BEGIN ENTRIES PROVIDED

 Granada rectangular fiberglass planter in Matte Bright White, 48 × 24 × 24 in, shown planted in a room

END ENTRIES PROVIDED
BEGIN ENTRIES PROVIDED

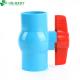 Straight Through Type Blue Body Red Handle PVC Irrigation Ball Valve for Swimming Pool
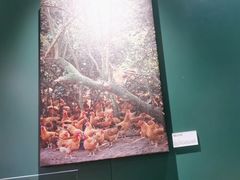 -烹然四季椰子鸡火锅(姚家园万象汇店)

END ENTRIES PROVIDED
BEGIN ENTRIES PROVIDED

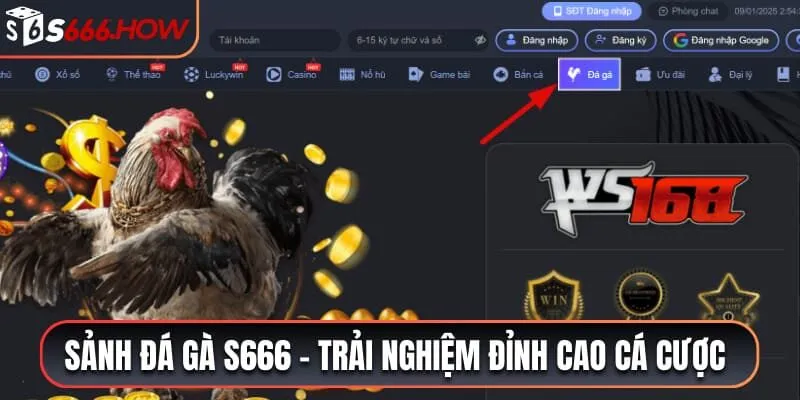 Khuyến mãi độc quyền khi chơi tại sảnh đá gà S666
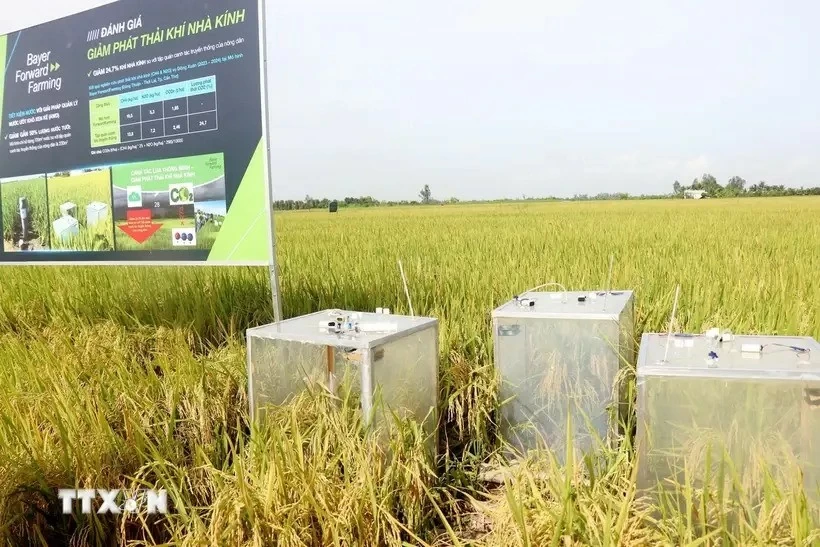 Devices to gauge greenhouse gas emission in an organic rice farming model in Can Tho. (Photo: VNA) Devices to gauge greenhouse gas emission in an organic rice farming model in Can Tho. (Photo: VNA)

END ENTRIES PROVIDED

WORK ITEM — Please print the lines above word for word, starting at the one with "Straight Through Type" and ending at the one with "-烹然四季椰子鸡火锅(姚家园万象汇店)", both included, and without any picture.

ANSWER AREA —
 Straight Through Type Blue Body Red Handle PVC Irrigation Ball Valve for Swimming Pool
 -烹然四季椰子鸡火锅(姚家园万象汇店)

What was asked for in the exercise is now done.